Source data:
━━━━━━━━━━
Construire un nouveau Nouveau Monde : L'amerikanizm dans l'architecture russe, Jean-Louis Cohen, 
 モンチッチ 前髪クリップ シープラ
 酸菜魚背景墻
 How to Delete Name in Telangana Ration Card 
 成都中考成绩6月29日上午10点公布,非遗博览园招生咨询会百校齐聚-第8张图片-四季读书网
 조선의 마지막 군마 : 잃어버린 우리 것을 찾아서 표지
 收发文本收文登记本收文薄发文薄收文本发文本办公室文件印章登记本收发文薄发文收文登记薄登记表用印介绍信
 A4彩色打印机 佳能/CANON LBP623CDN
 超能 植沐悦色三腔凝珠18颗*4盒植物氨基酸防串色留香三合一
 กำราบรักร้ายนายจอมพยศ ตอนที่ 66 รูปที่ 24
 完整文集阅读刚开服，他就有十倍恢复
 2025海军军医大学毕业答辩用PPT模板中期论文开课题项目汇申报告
━━━━━━━━━━
__Exercise aim__:
Each entry must be retyped exactly as it was written above.

__Response for this exercise__:
Construire un nouveau Nouveau Monde : L'amerikanizm dans l'architecture russe, Jean-Louis Cohen, 
 モンチッチ 前髪クリップ シープラ
 酸菜魚背景墻
 How to Delete Name in Telangana Ration Card 
 成都中考成绩6月29日上午10点公布,非遗博览园招生咨询会百校齐聚-第8张图片-四季读书网
 조선의 마지막 군마 : 잃어버린 우리 것을 찾아서 표지
 收发文本收文登记本收文薄发文薄收文本发文本办公室文件印章登记本收发文薄发文收文登记薄登记表用印介绍信
 A4彩色打印机 佳能/CANON LBP623CDN
 超能 植沐悦色三腔凝珠18颗*4盒植物氨基酸防串色留香三合一
 กำราบรักร้ายนายจอมพยศ ตอนที่ 66 รูปที่ 24
 完整文集阅读刚开服，他就有十倍恢复
 2025海军军医大学毕业答辩用PPT模板中期论文开课题项目汇申报告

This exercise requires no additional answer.